◆ Exercise data ◆
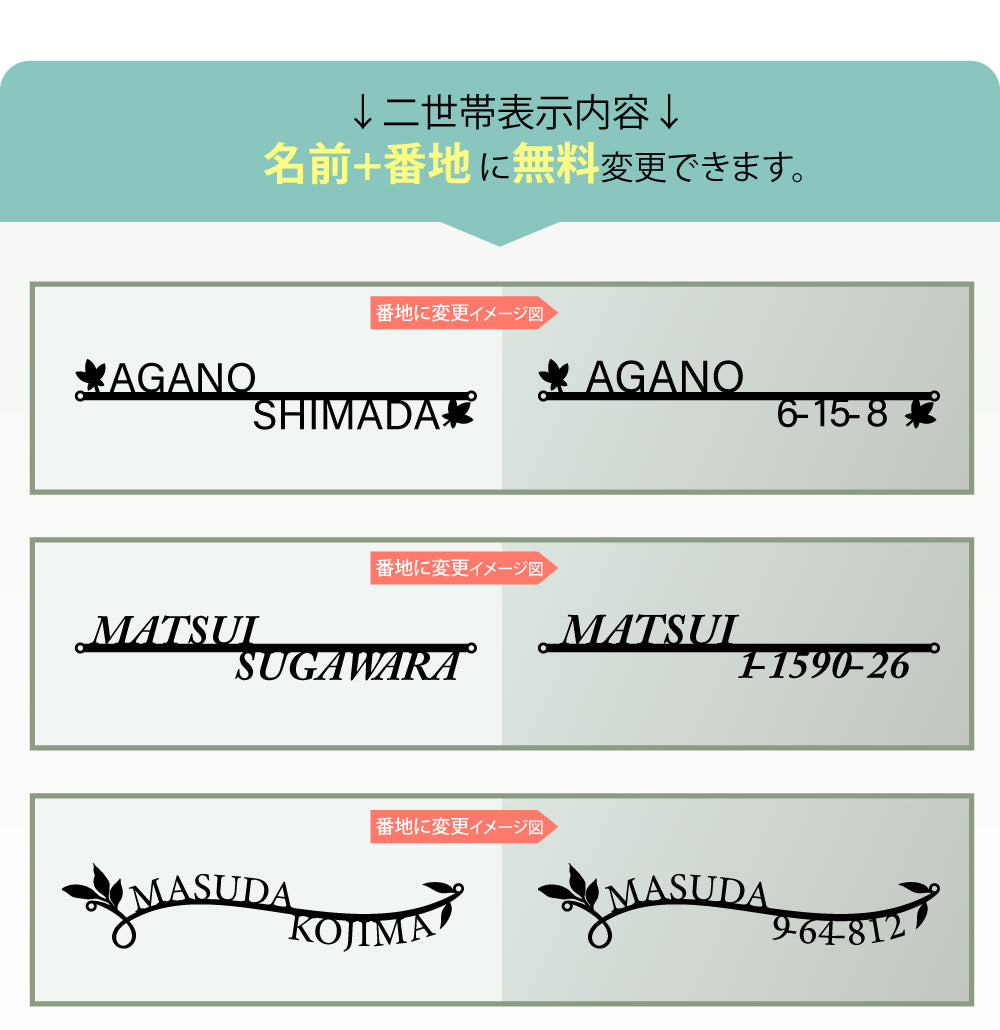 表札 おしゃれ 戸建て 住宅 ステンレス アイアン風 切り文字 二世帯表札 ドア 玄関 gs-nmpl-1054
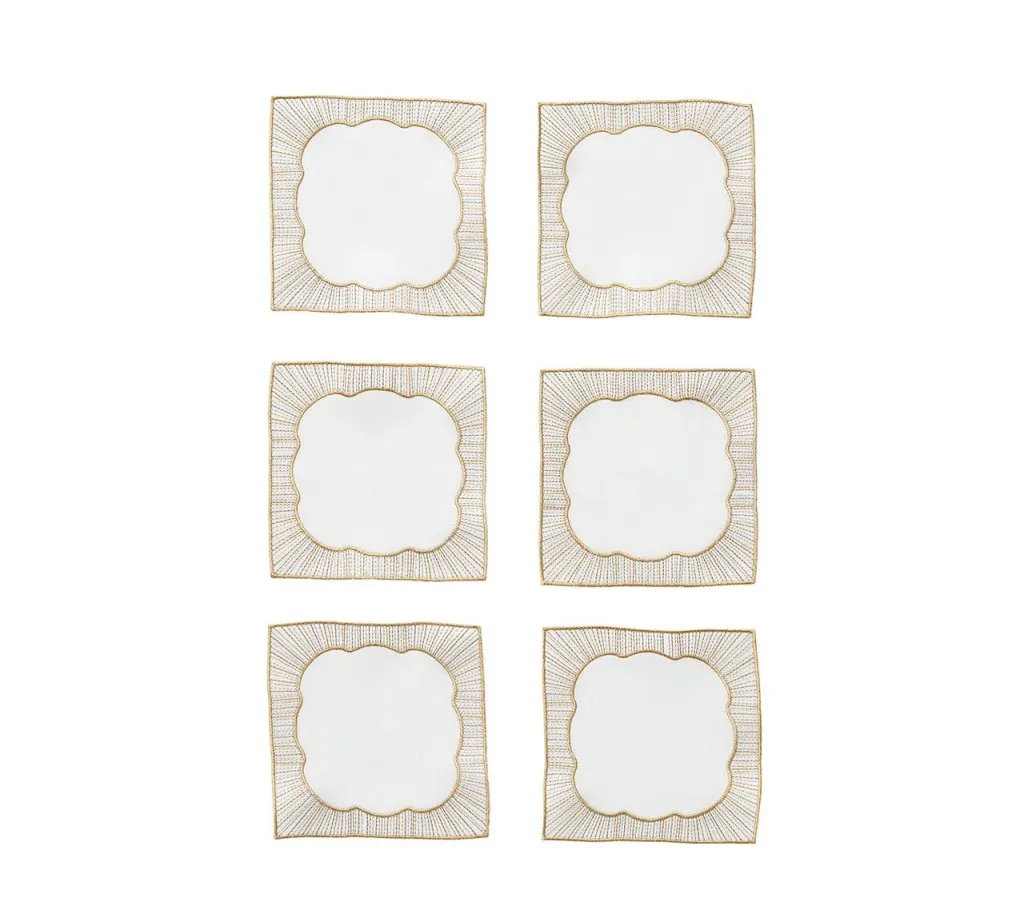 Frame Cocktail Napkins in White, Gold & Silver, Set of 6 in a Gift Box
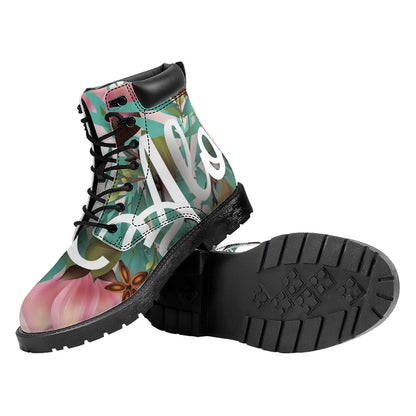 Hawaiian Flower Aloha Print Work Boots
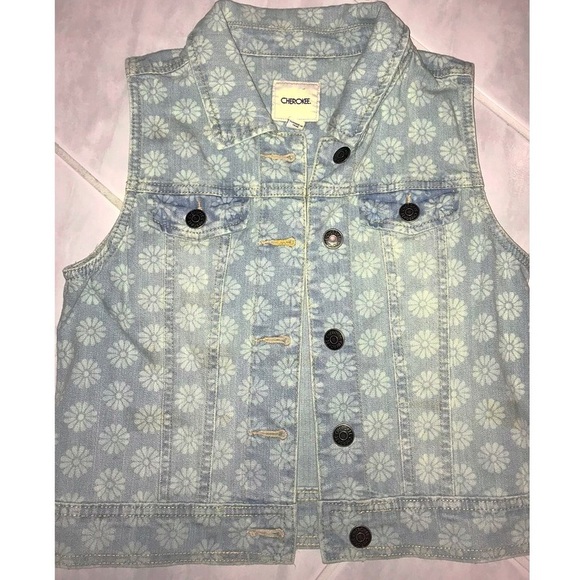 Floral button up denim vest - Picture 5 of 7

◆ Requirement ◆
The copy runs from the line containing "Hawaiian Flower Aloha Print Work Boots" through the last line of the material, both ends included. Reproduce those lines exactly and drop the pictures.

◆ Solution ◆
 Hawaiian Flower Aloha Print Work Boots
 Floral button up denim vest - Picture 5 of 7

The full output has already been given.